This Torah portion begins the last of the Five Books of The Torah, Sefer Devarim. This Book is also called Mishneh Torah, "Repetition of the Torah" (hence the Greek/English title “Deuteronomy”). Sefer Devarim relates what Moshe told the Jewish People during the last five weeks of his life, as they prepared to cross the Jordan River into the Land of Israel. Moshe reviews the mitzvahs with the people, stressing the change of lifestyle they are about to undergo — from the supernatural existence of the desert under Moshe’s guidance, to the apparently natural life they will experience under Yehoshua’s leadership in the Land.
The central theme this week is the sin of the spies, the meraglim. This Torah portion opens with Moshe alluding to the sins of the previous generation who died in the desert. He describes what would have happened if they had not sinned by sending spies into Eretz Yisrael. Hashem would have given them, without a fight, all the land from the Mediterranean to the Euphrates, including the lands of Ammon, Moav and Edom.
Moshe details the subtle sins that culminate in the sin of the spies, and reviews at length this incident and its results. The entire generation would die in the desert and Moshe would not enter Eretz Yisrael. He reminds them that their immediate reaction to Hashem’s decree was to want to "go up and fight" to redress the sin. He recounts how they would not listen when he told them not to go, and that they no longer merited vanquishing their enemies miraculously. They had ignored him and suffered a massive defeat. They were not allowed to fight with the kingdoms of Esav, Moav or Ammon. These lands were not to be part of the map of Eretz Yisrael in the meantime. When the conquest of Canaan will begin with Sichon and Og, it will be via natural warfare.
Hit By an Angel
“These are the words…” (1:1)
The Midrash says, "There is no blade of grass in the field that grows unless a malach (spiritual messenger/angel) stands over it, hits it, and says 'Grow!' "
Why does the malach need to hit the blade of grass? Wouldn't some less violent form of encouragement suffice?
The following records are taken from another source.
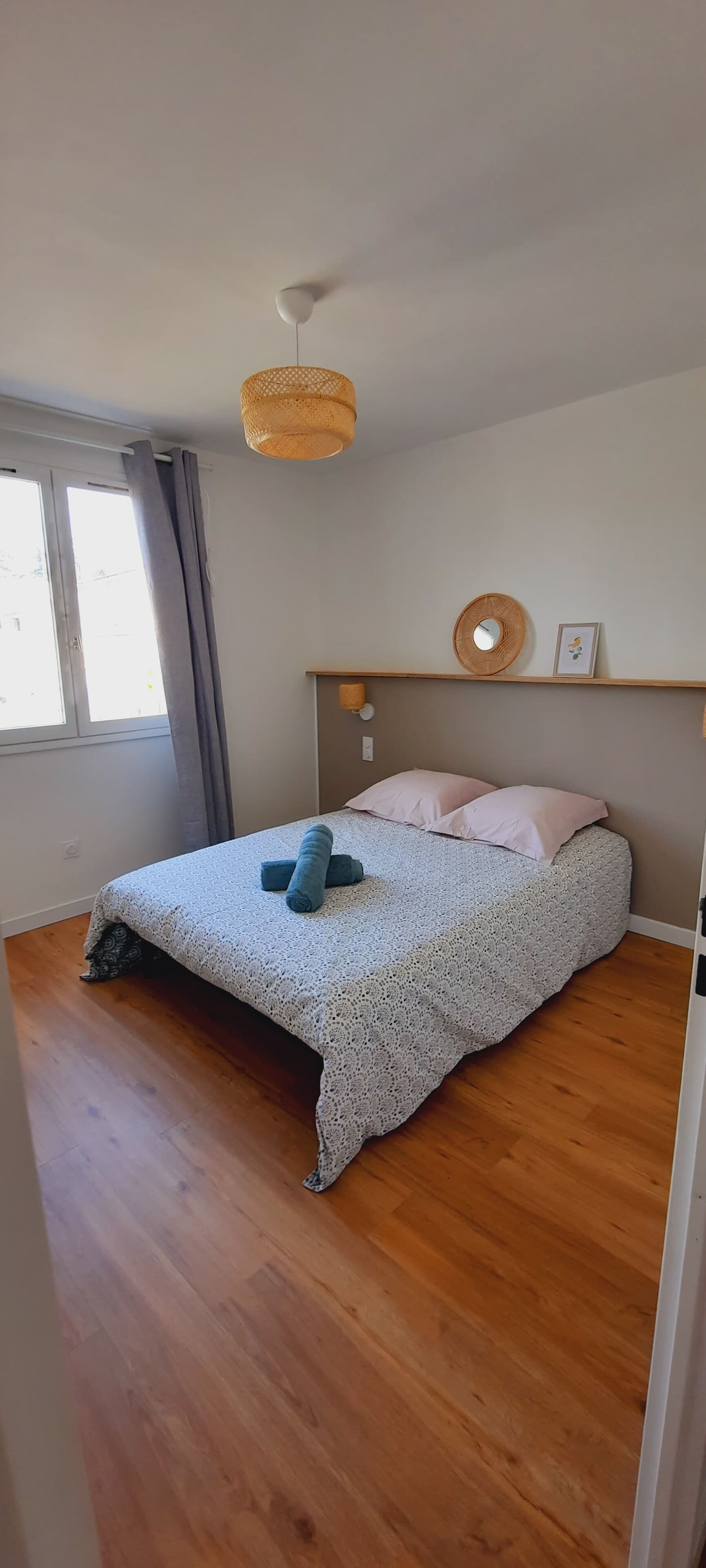 A bedroom with a large bed, a ceiling fan, a window with curtains, and a wooden floor.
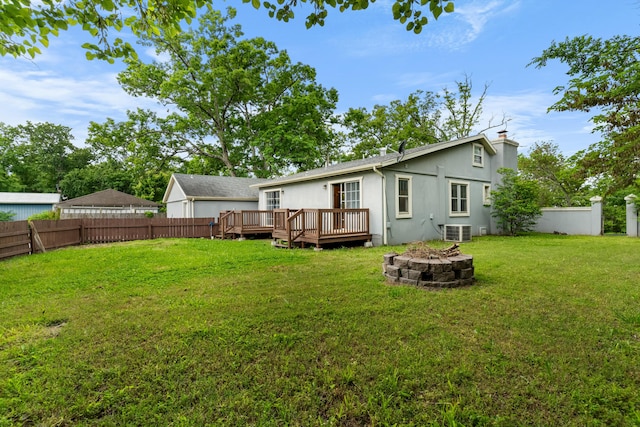 rear view of house with an outdoor fire pit, a wooden deck, central AC unit, a chimney, and stucco siding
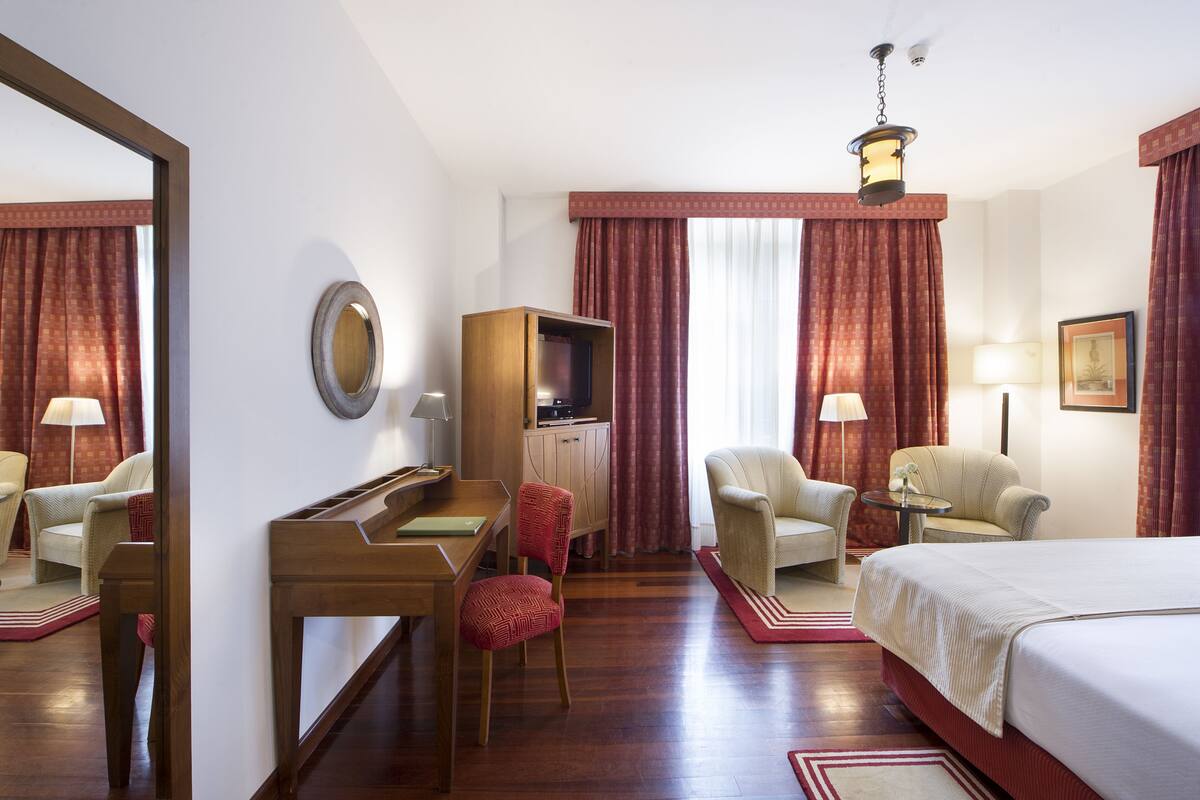 A hotel room with a bed, two armchairs, a desk, a mirror, a wardrobe, and a lamp.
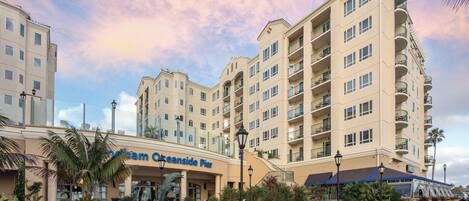 A hotel with multiple floors, balconies, and a central courtyard with benches and planters.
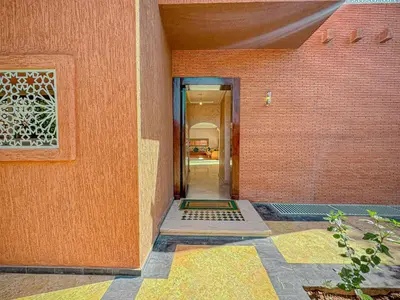 a hallway of a house with a brick wall at Villa Andalus - Piscine privée & Suite Parentale in Marrakech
In Hebrew the word for "earth" is Eretz. Eretz can be read as arutz — "I will run." This world is always running forward. Running to a place beyond this world. Eretz is also related to ratzon, meaning “will” or “desire.” What a person desires, what he wills, he “runs” toward.
This world is a world of trying, of striving to reach beyond this world. The word for "heaven" in Hebrew is Shamayim, from the root sham, which means "there." Literally, Shamayim means "theres,” in the plural. Sham-im. Heaven is the sum total of all the “theres” that we can ever run to.
In other words, Shamayim is the ideal, the perfect form of everything in this world. Things in this world are not in a perfected state — they are still in their inchoate form.
One of the most difficult things in this world is to change. To become more than we are. To realize our true potential. We don't want to change. We'd rather sit by the pool and watch the water-lilies float to-and-fro. Any true change is painful.
The realization of the discrepancy between what we are and what we could be is like being hit by a malach.
Rashi and Onkelos both teach that the place names in verses one and two of this week's Torah portion are “code words” for the sins that took place at those places. Direct rebuke is rarely effective. It is much better to hint at the problem and let the listener feel the angel hitting him.